This class includes four anticholinergic agents: atropine, cyclopentolate (Cyclogyl), homatropine, and tropicamide (Mydriacyl). Systemic absorption has not been studied for these drugs and there are no reports of their use in pregnancy or lactation.
There are no reports describing the use of cysteamine (Cystaran) in human pregnancy or lactation. Since the drug is given as one drop in each eye every waking hour, transfer to the systemic circulation should be expected, but the amount, if it occurs, has not been reported.

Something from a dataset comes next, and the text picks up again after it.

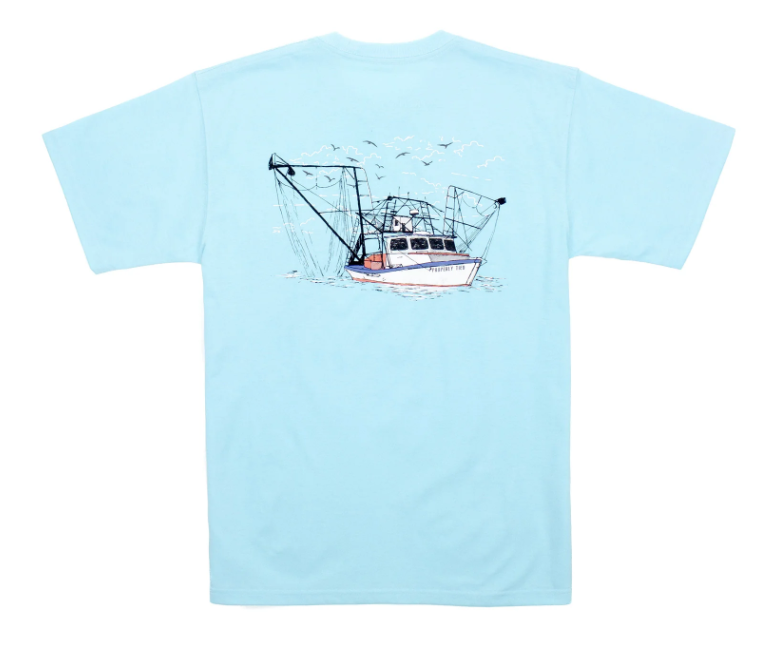 Properly Tied Shrimp Boat SS - Powder Blue - Gabrielle's Biloxi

There are no reports on the use of cyclosporine (Restasis) eye drops in human pregnancy or during breastfeeding. However, data for the systemic use of the drug during these conditions have shown it to be low risk. After long term ophthalmic use, blood concentrations of the drug were below the quantitation limit of 0.1 ng/mL.
The three drugs in this class are lidocaine, proparacaine (Alcaine), and tetracaine (Altacaine, Tetravisc). There is no information regarding the use of these agents in pregnancy or lactation. Since they are used for brief periods, the risk to an embryo or nursing infant appears to be nil.
Mast cell stabilizers
There are three drugs in this class that can be used topically in the eye: cromolyn, lodoxamide (Alomide), and nedocromil (Alocril). There are no human eye data for these agents. Systemic concentrations of lodoxamide were below the detection limit of 2.5 ng/mL.
The two miotics are acetylcholine (Miochol E) and carbachol (Carbastat, Miostat). Both are used immediately before eye surgery.
The amount, if any, in the systemic circulation is unknown. No reports of human eye use in pregnancy or lactation have been found.
The five drugs in this class are bromfenac (Xibrom), diclofenac (Voltaren), flurbiprofen (Ocufen), ketorolac, and nepafenac (Nevanac). Although it has not been studied, the estimated plasma level for bromfenac is less than 50 ng/mL. For diclofenac, the plasma concentration was below the limit of quantification (10 ng/ mL). In a study conducted with ketorolac, only 5 of 26 subjects had detectable plasma concentrations (10.7-22.5 ng/mL). These levels were about 2% of the peak plasma levels after oral dosing. For nepafenac, the peak plasma concentrations of the parent drug and active metabolite were 0.3 and 0.4 ng/mL, respectively. These data suggest that the risk to the embryo-fetus or a nursing infant are nil.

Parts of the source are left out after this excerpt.